● Exercise description
Copy the listing in full and exactly, omitting its images.
= = = =
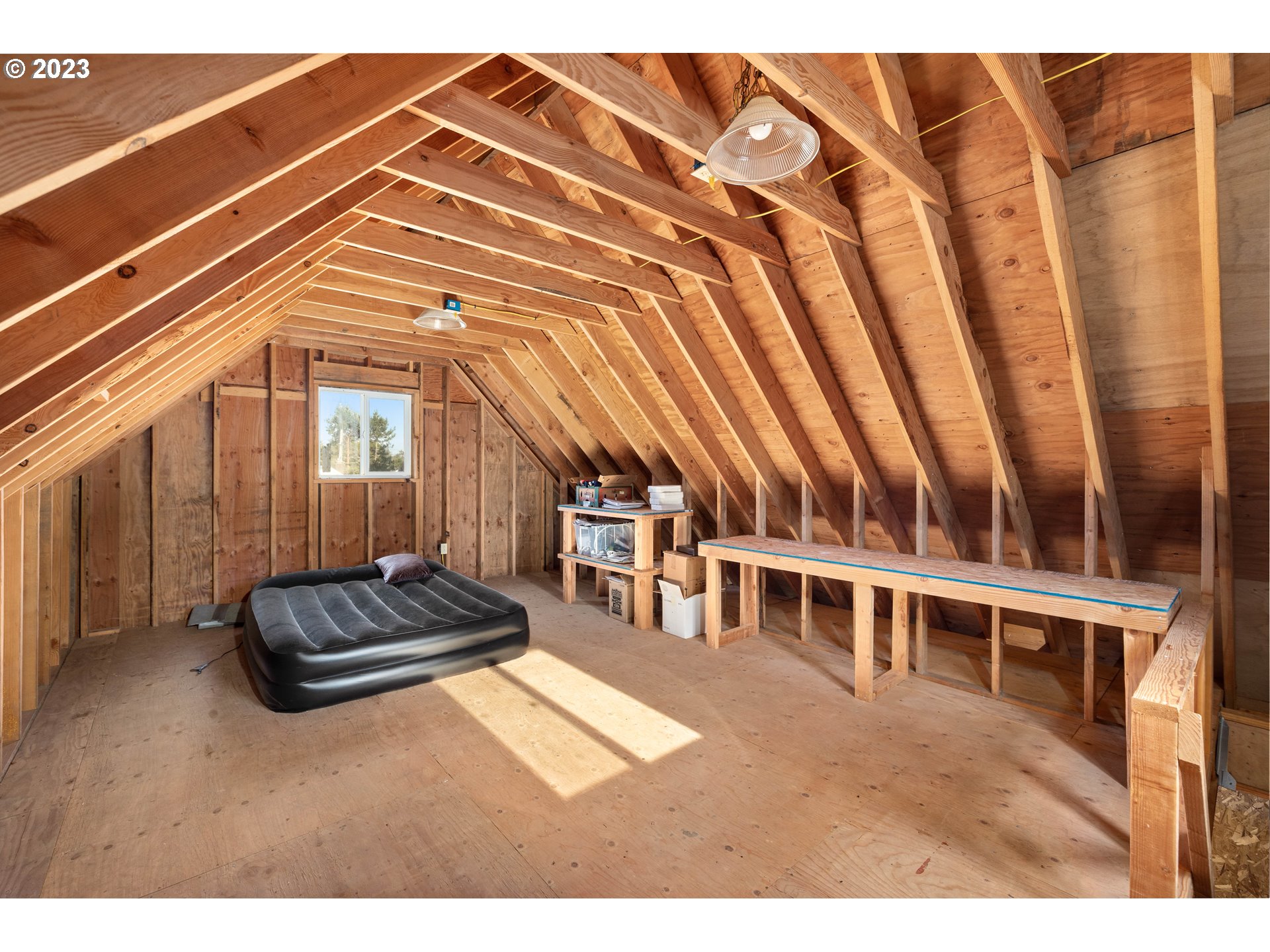 90691 Clark Road Warrenton, OR 97146 - Photo 27 of 32 Gallery Image 27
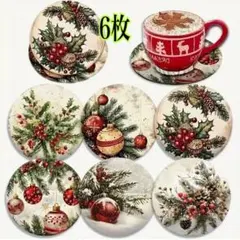 Item thumbnail for item 1e6fe0dc-a5f9-480b-a332-4f2e4f82161c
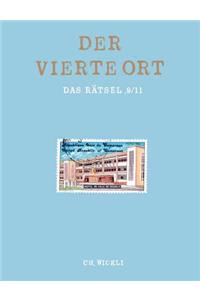 Der vierte Ort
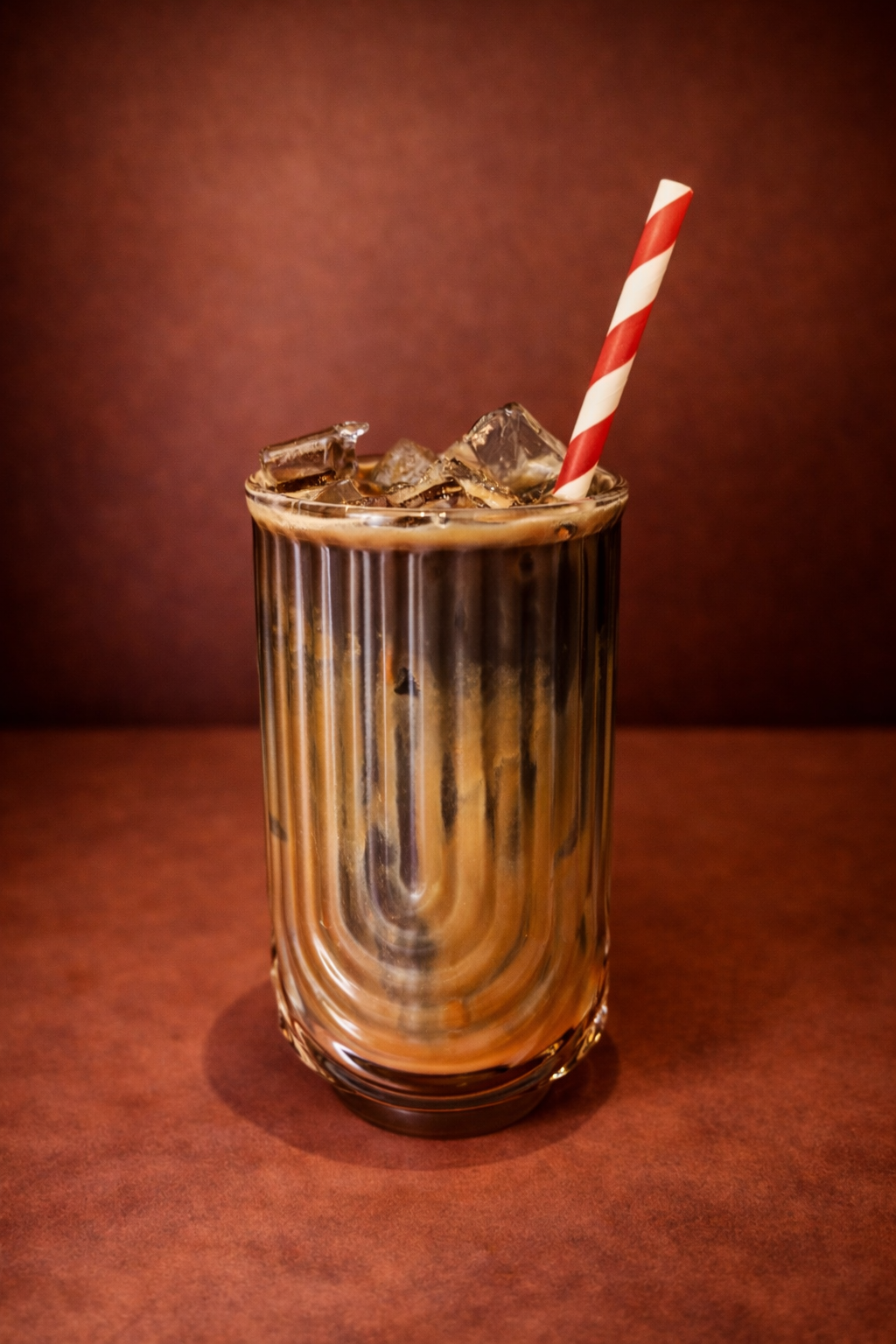 Iced Desperado Macchiato.PNG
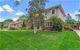 263 Pinehurst, Des Plaines, IL 60016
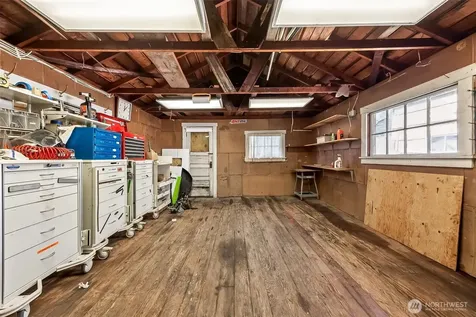 5002 6th Avenue Tacoma WA 98406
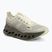 Damen-Laufschuhe On Cloudsurfer Max seedling/olive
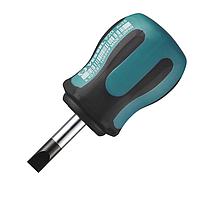 Vessel 920 MEGADORA Stubby Screwdriver (6X25mm)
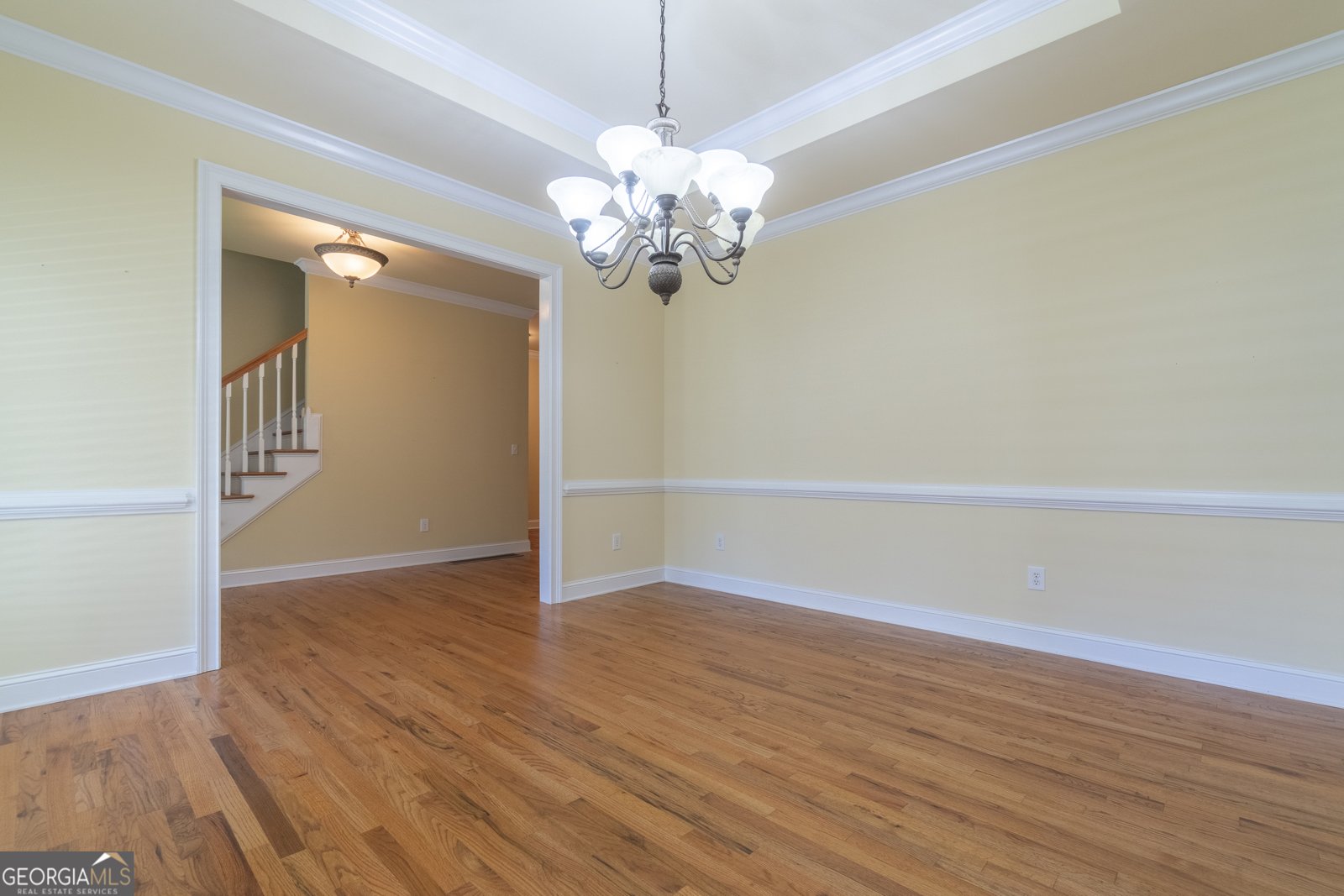 102 Trent Trail Cleveland - Photo 16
= = = =
● Task response
 90691 Clark Road Warrenton, OR 97146 - Photo 27 of 32 Gallery Image 27
 Item thumbnail for item 1e6fe0dc-a5f9-480b-a332-4f2e4f82161c
 Der vierte Ort
 Iced Desperado Macchiato.PNG
 263 Pinehurst, Des Plaines, IL 60016
 5002 6th Avenue Tacoma WA 98406
 Damen-Laufschuhe On Cloudsurfer Max seedling/olive
 Vessel 920 MEGADORA Stubby Screwdriver (6X25mm)
 102 Trent Trail Cleveland - Photo 16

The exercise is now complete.